Accordingly it is an object of the present invention to overcome or ameliorate at least one of the disadvantages of the prior art. It is also an object of the present invention to provide alternative structures which are less cumbersome in assembly and operation and which moreover can be made relatively inexpensively. Alternatively it is an object of the invention to at least provide the public with a useful choice.

To this end an operating unit for architectural coverings, in particular roller blinds or shades, in accordance with the invention includes a stationary base member, a rotatable driving member, a rotatable driven member and a brake mechanism for automatically arresting rotation of the driven member in respect of the stationary base member, when not rotated by the driving member, wherein the brake mechanism includes a first wrap spring, adapted to yield a predetermined minimum brake force, and at least one second wrap spring, different in size from the first wrap spring and adapted to yield a supplementary brake force, which together with the predetermined minimum brake force amounts to a predetermined maximum brake force. The improvement has enabled to substantially eliminate any objectionable backlash in the raised position of roller blinds. The amount of backlash in the lowered position is generally perceived as a less annoying phenomenon, because one can chose the amount of lowering in anticipation of the backlash.

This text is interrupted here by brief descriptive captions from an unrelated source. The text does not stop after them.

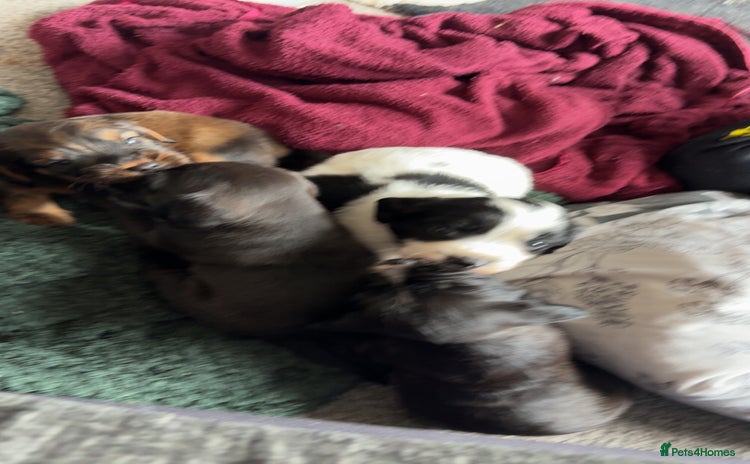 Mixed Breed dogs - Advert 1
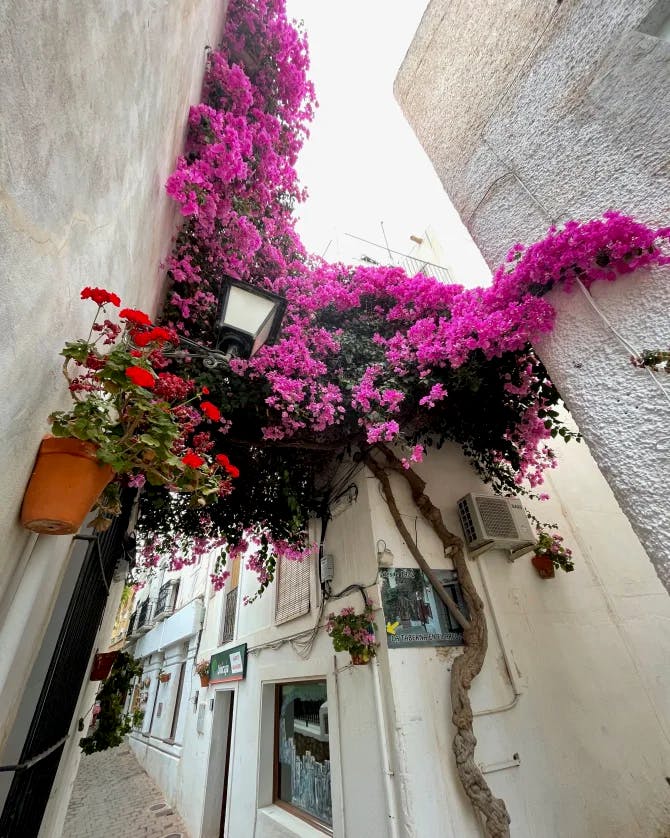 Beautiful bougainvillea growing along a stone wall down a narrow city street 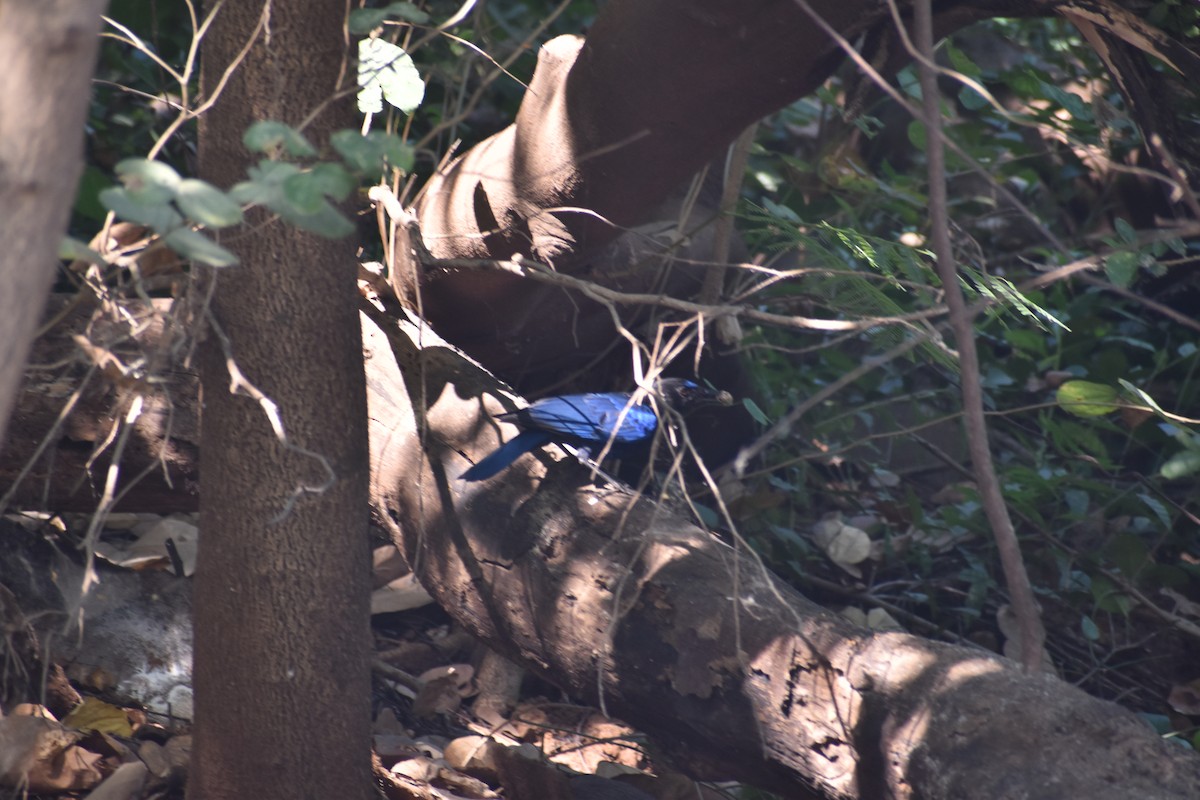 Malabar Whistling-Thrush - ML646830729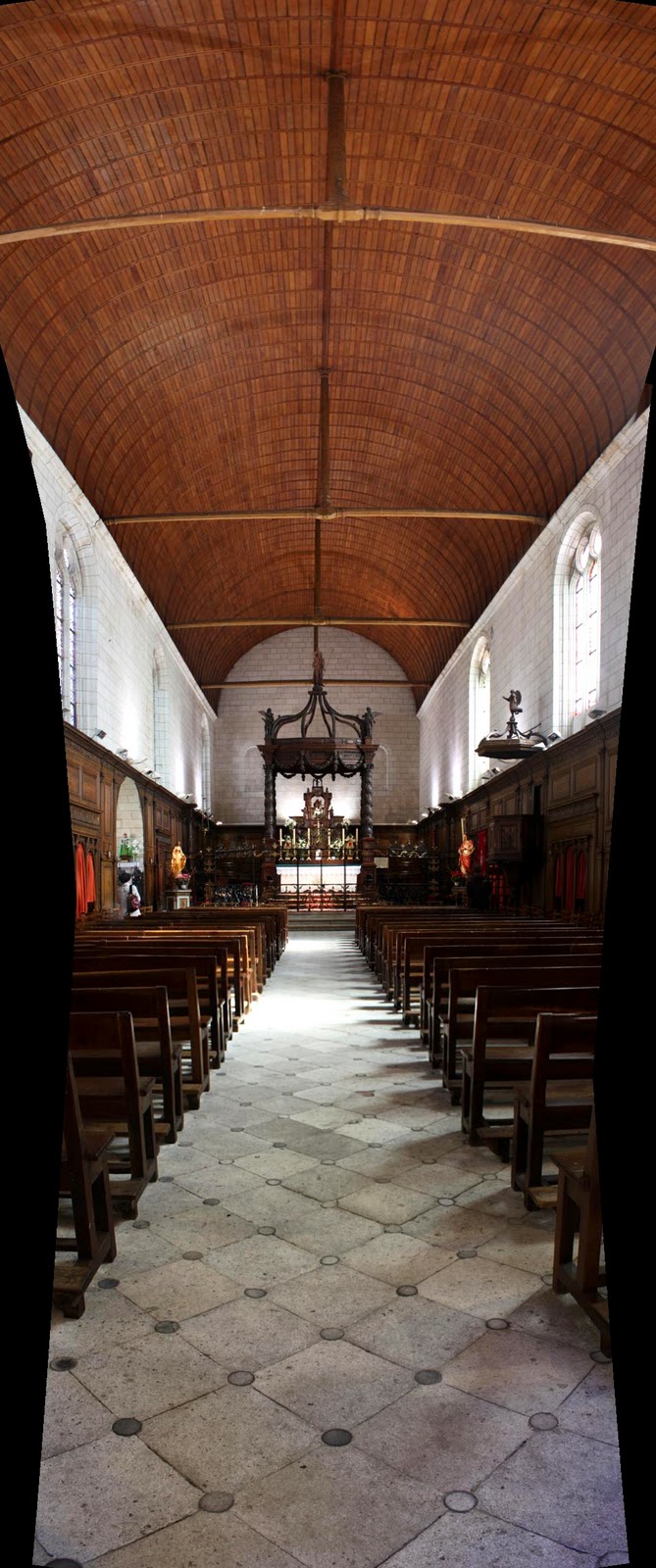 Rat des villes Tours Eglise Saint Grégoire des Minimes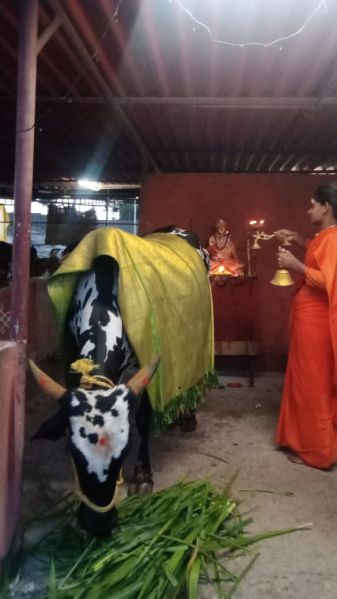 File:WhatsApp Image 2022-11-06 at 19.21.41.jpeg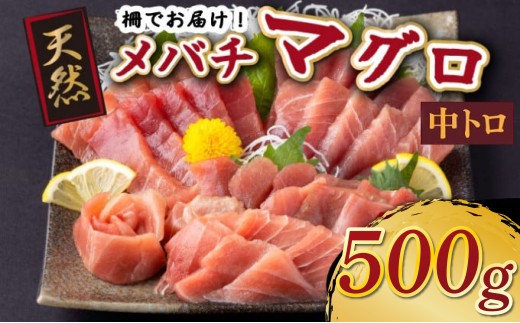 天然メバチマグロ 【 中トロ 】500ｇ（柵） メバチマグロ めばちまぐろ めばち メバチ まぐろ マグロ 鮪 サク 柵 中トロ 天然 天然まぐろ 天然マグロ 刺身 お刺身 食べ比べ 海鮮丼 丼 魚 さかな 新鮮 高知 室戸 冷凍 小分け 海鮮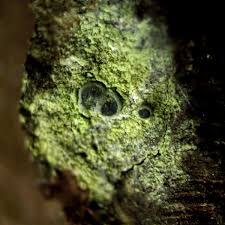 Attēlu rezultāti vaicājumam “Cliostomum corrugatum”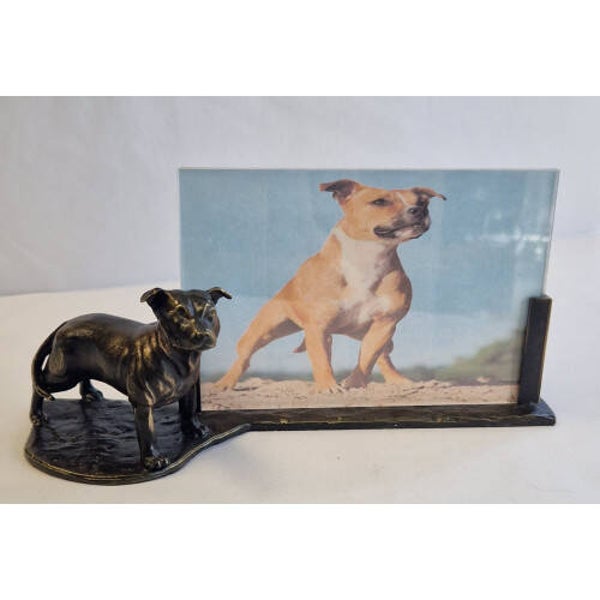 Fotolijst staffordshire bull terrier middel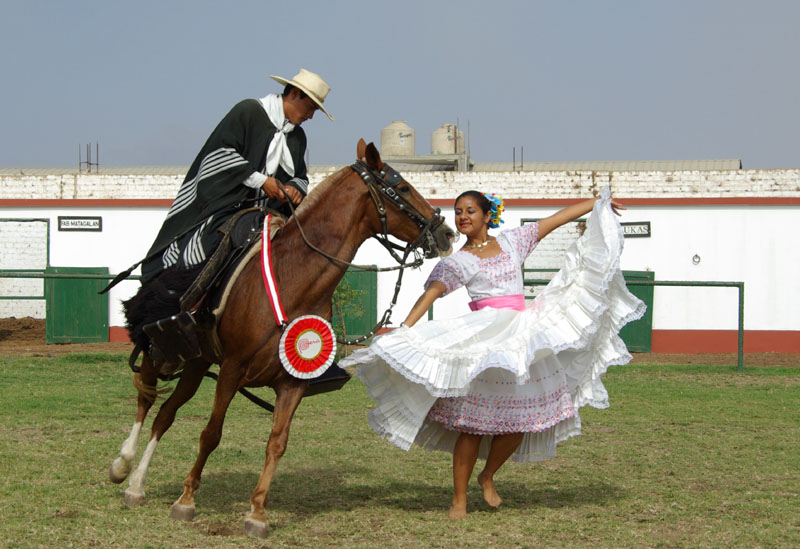Trujillo - Cavaliers et danses péruviens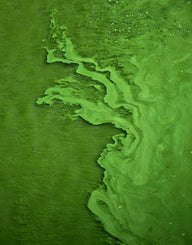 The phosphorous problem, and the seaweed solution - Lofoten Seaweed
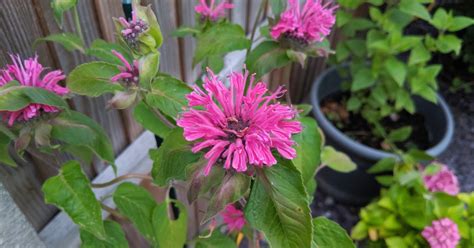 Growing Bergamot Allotment Book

According to a further aspect of the invention the operating unit can include a planetary gearing between the driving member and the driven member. When using such planetary gearing it can be further advantageous when the planetary gearing has a satellite carrier adapted to rotate the driven member via the brake mechanism. In combination with a planetary gearing an advantageous alternative may further have a sun gear that is rotated by the driving member, for driving a plurality of satellite pinions on the satellite carrier, and a ring gear that is kept stationary by the stationary base member. The use of such planetary gear transmissions allows the operating unit also to be used on heavy duty roller blinds that are often required in utility buildings, such as offices, hospitals and hotels.

According to another aspect the operating unit according to the invention the stationary base member is provided with a non-rotatable shaft. Such a non-rotatable shaft can be formed as a splined shaft, so as to receive a wrap spring drum. Such an arrangement makes the operating unit more versatile in that differently sized wrap spring drums and wrap springs can be fitted if desired.

According to a still further aspect of the operating unit according to the invention, bearings can be provided between the driving member and the stationary base member, between the driven member and the driving member, and between the driven member and the stationary member. In this regard it can be advantageous if one of the bearings is a thrust bearing and optionally is a ball bearing. Being able to fit separate bearings of wear resistant materials, or of friction reducing construction, will greatly enhance durability and reliability of such operating units.

In a further advantageous embodiment of the operating unit according to the invention, the driving member can be a ball chain pulley that is engaged by a looped ball chain that drivingly engages a part of its perimeter. The stationary member can then also have a guide plate to guide the ball chain and to minimise wear between the ball chain and the stationary base member. Apart from electric motors, ball chain drives offer a very attractive and cost effective alternative manual form of operation.

Further the operating unit according to the invention can also include a blind roller tube. Thereby the driven member and the roller blind tube can be provided with complementary engaging formations to drivingly connect the blind roller tube to the driven element. This arrangement will greatly enhance the assembly of roller blinds.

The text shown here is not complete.